Make Silver and Blue the New Green

Prim Library
The Prim Library is a beautiful and welcoming space for all visitors in beautiful Incline Village, Lake Tahoe. It is well equipped with computers and printers for academic use, study spaces, robust wireless internet service, comfortable lounge areas, and special event spaces. It is also home to the Poetry Center and a Sustainability Collection.

Lead in environmental expertise and campus sustainability

We will expand our leadership in policy, action, education and research for environmental sustainability, both on campus and globally.

 
A tree with a Basque sheepherder carving on it depicting a man on a horse.

Jon Bilbao Basque Library

Mountain Picassos donated to the Jon Bilbao Basque Library

For decades, Philip and Jean Earl documented the tree carvings created by Basque sheepherders, preserving this unique intersection of art, culture, and nature. In 2022 the Earl Collection of Basque Arborglyphs began their journey to their forever home within the Jon Bilbao Basque Library. The collection, comprising more than 130 wax-on-muslin rubbings made directly from the carvings, has been inventoried by Libraries experts.

 
Students work in the DeLaMare Mary B. Ansari Map Library.

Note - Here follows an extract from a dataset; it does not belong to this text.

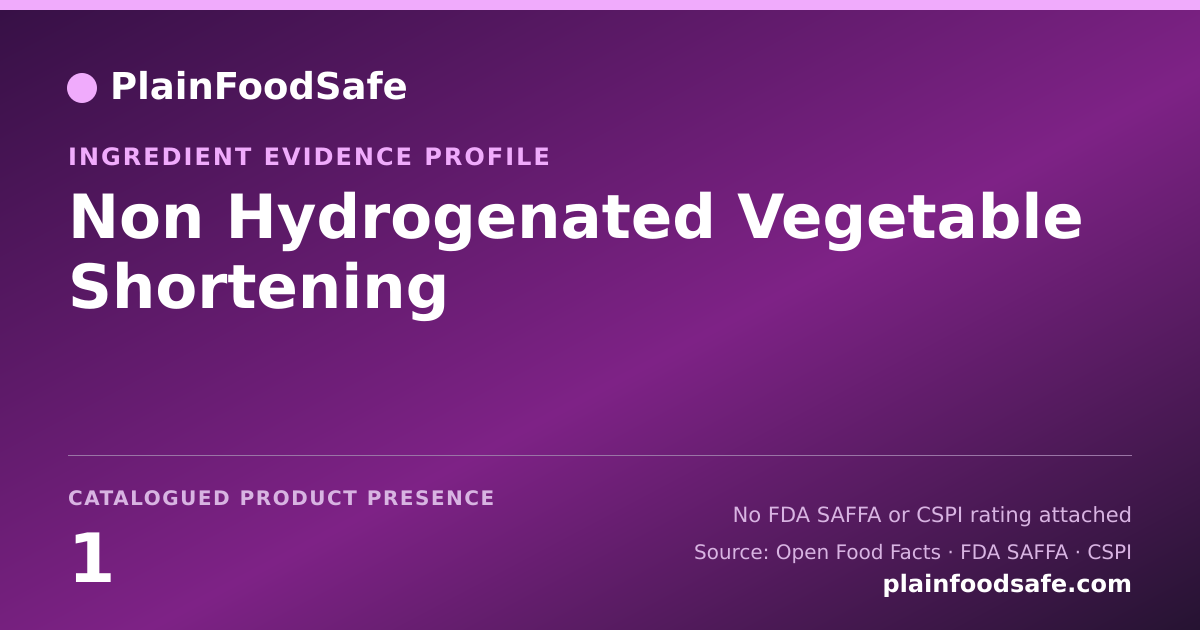 Share card for Non Hydrogenated Vegetable Shortening Food Ingredient Evidence Profile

DeLaMare Science and Engineering Library

Supporting and celebrating sustainability researchers and students

DeLaMare's GIS data services consultations and programming continued to be heavily utilized by and impactful for students and researchers in disciplines working directly on issues of sustainability and the changing environment. More than 60 percent were from disciplines that focus in these critical research areas.

The second annual GIS Day celebration took place in November and was led by the DeLaMare Library’s Data Services team in collaboration with the departments of Natural Resources and Environmental Science and Geography.

GIS Day provided opportunities for researchers to share work produced utilizing GIS, learn from one another, and build the campus community around GIS as a tool for analysis and visualization. Many of the researchers involved come from areas in environmental sciences, geosciences, ecology, hydrology and other disciplines focused on the changing natural world.